Your instructions
When you repeat the listing below, keep every word exactly and leave out each picture.

Information supplied
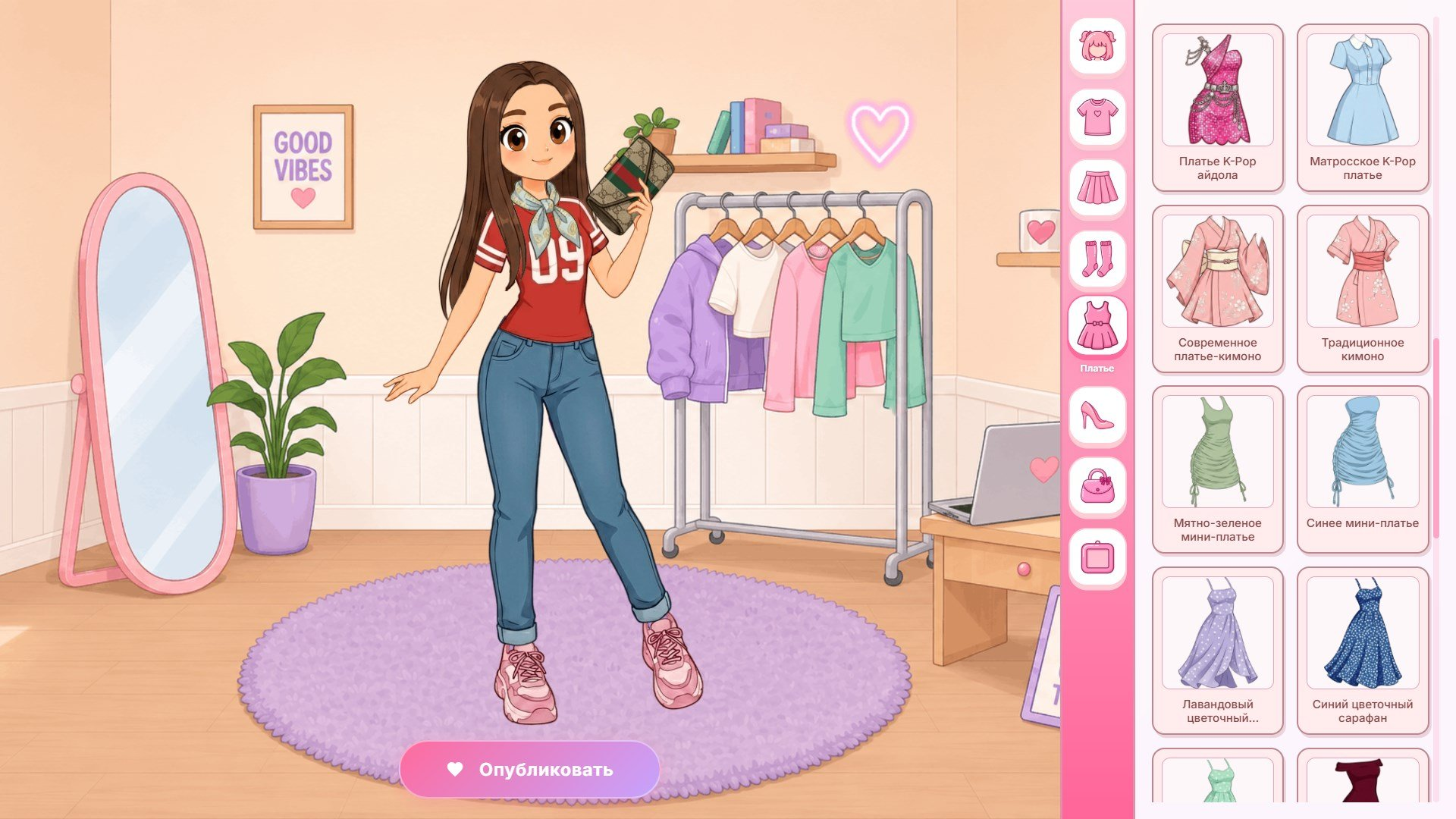 Блогер: Одевалка — screenshot 6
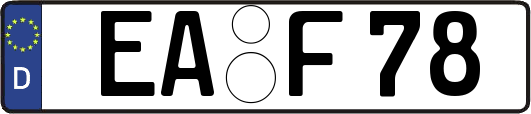 EA-F78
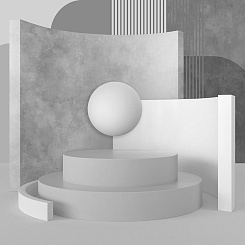 Фотообои Wall Street DECO 3D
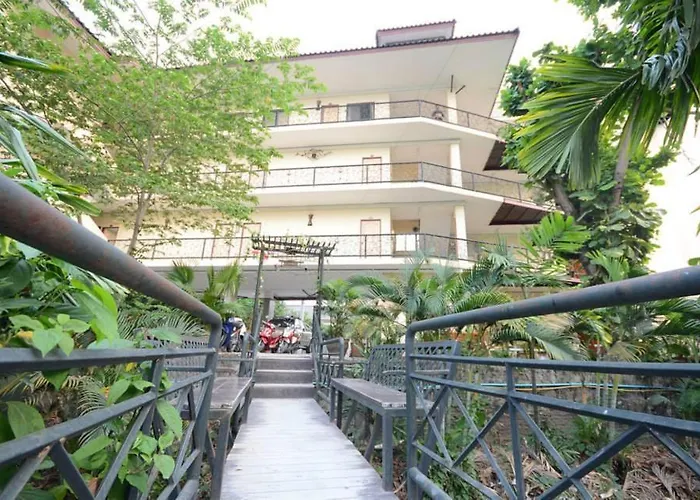 Collection O The Singha Chiangmai Hotel Chiang Mai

Reply
 Блогер: Одевалка — screenshot 6
 EA-F78
 Фотообои Wall Street DECO 3D
 Collection O The Singha Chiangmai Hotel Chiang Mai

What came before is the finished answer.